Converting to TF-TRT INT8...
INFO:tensorflow:Linked TensorRT version: (5, 1, 5)
INFO:tensorflow:Loaded TensorRT version: (5, 1, 5)
INFO:tensorflow:Running against TensorRT version 5.1.5
WARNING:tensorflow:From /usr/local/lib/python3.6/dist-packages/tensorflow_core/python/ops/resource_variable_ops.py:1781: calling BaseResourceVariable.__init__ (from tensorflow.python.ops.resource_variable_ops) with constraint is deprecated and will be removed in a future version.
Instructions for updating:
If using Keras pass *_constraint arguments to layers.
INFO:tensorflow:Assets written to: resnet50_saved_model_TFTRT_INT8/assets
Done Converting to TF-TRT INT8

In [0]:
def predict_tftrt(input_saved_model):
    """Runs prediction on a single image and shows the result.
    input_saved_model (string): Name of the input model stored in the current dir
    """
    img_path = './data/img0.JPG'  # Siberian_husky
    img = image.load_img(img_path, target_size=(224, 224))
    x = image.img_to_array(img)
    x = np.expand_dims(x, axis=0)
    x = preprocess_input(x)
    x = tf.constant(x)
    
    saved_model_loaded = tf.saved_model.load(input_saved_model, tags=[tag_constants.SERVING])
    signature_keys = list(saved_model_loaded.signatures.keys())
    print(signature_keys)

    infer = saved_model_loaded.signatures['serving_default']
    print(infer.structured_outputs)

    labeling = infer(x)
    preds = labeling['probs'].numpy()
    print('{} - Predicted: {}'.format(img_path, decode_predictions(preds, top=3)[0]))
    plt.subplot(2,2,1)
    plt.imshow(img);
    plt.axis('off');
    plt.title(decode_predictions(preds, top=3)[0][0][1])

In [5]:
predict_tftrt('resnet50_saved_model_TFTRT_INT8')


['serving_default']
{'probs': TensorSpec(shape=<unknown>, dtype=tf.float32, name='probs')}
./data/img0.JPG - Predicted: [('n02110185', 'Siberian_husky', 0.5563322), ('n02109961', 'Eskimo_dog', 0.4175399), ('n02110063', 'malamute', 0.021040814)]

In [0]:
def benchmark_tftrt(input_saved_model):
    saved_model_loaded = tf.saved_model.load(input_saved_model, tags=[tag_constants.SERVING])
    infer = saved_model_loaded.signatures['serving_default']

    N_warmup_run = 50
    N_run = 1000
    elapsed_time = []

    for i in range(N_warmup_run):
      labeling = infer(batched_input)

    for i in range(N_run):
      start_time = time.time()
      labeling = infer(batched_input)
      #prob = labeling['probs'].numpy()
      end_time = time.time()
      elapsed_time = np.append(elapsed_time, end_time - start_time)
      if i % 50 == 0:
        print('Step {}: {:4.1f}ms'.format(i, (elapsed_time[-50:].mean()) * 1000))

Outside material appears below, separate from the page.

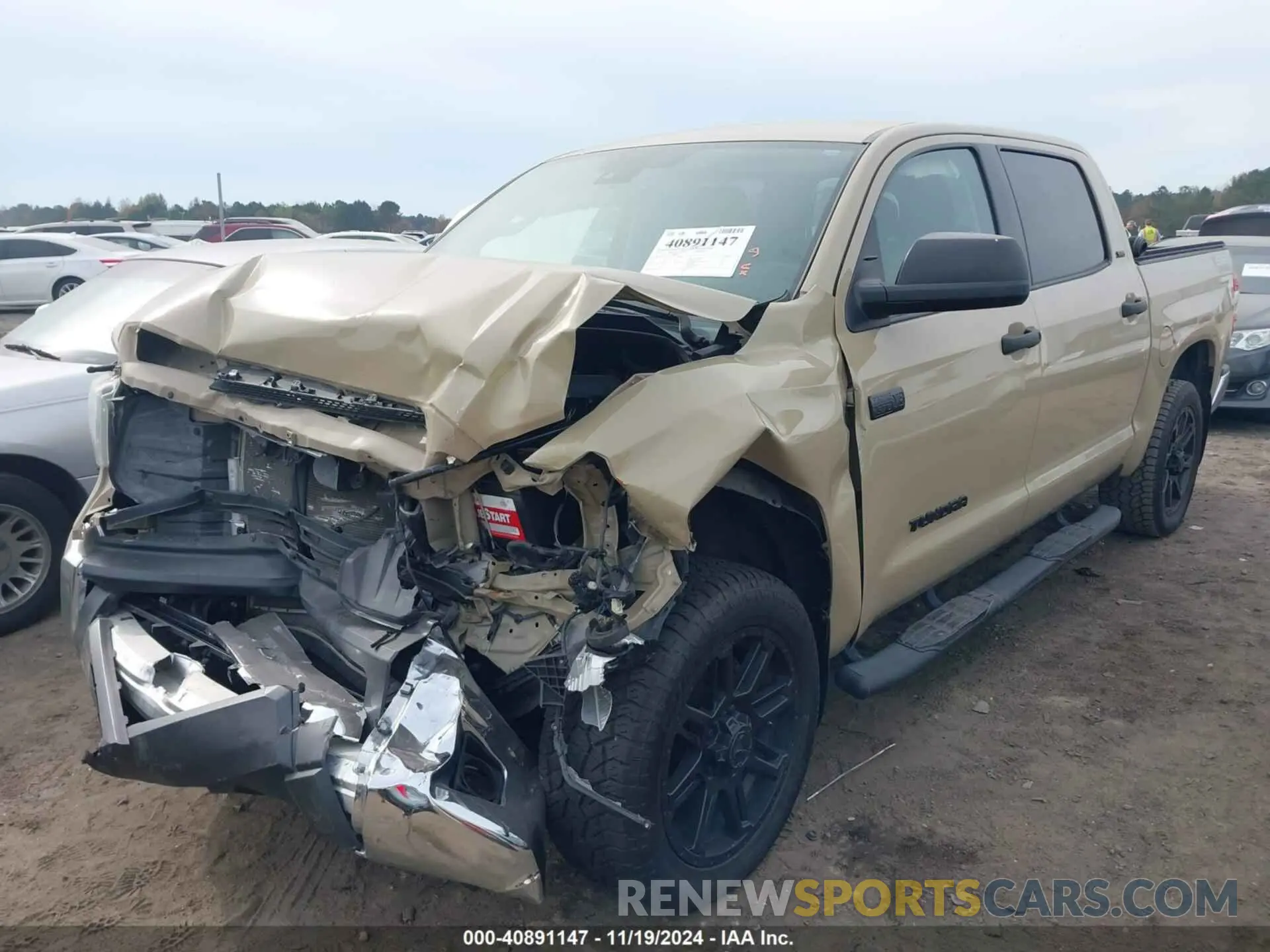 2 fotografías del automóvil dañado 5TFEY5F10LX256517 TOYOTA TUNDRA 2020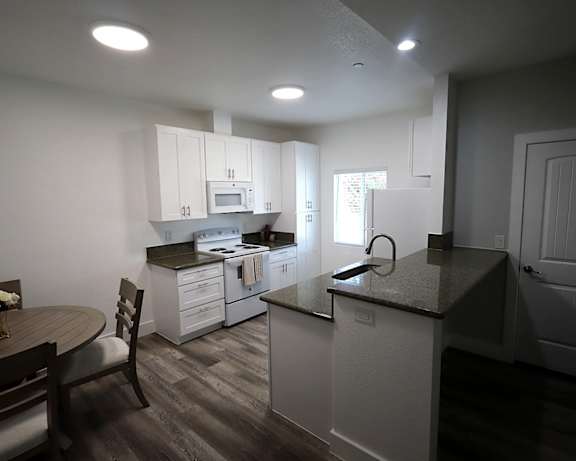 Photo Gallery Image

    print('Throughput: {:.0f} images/s'.format(N_run * batch_size / elapsed_time.sum()))

In [0]:
benchmark_tftrt('resnet50_saved_model_TFTRT_INT8')

Conclusion

In this notebook, we have demonstrated the process of creating TF-TRT FP32, FP16 and INT8 inference models from an original Keras FP32 model, as well as verify their speed and accuracy.

What's next

Try TF-TRT on your own model and data, and experience the simplicity and speed up it offers.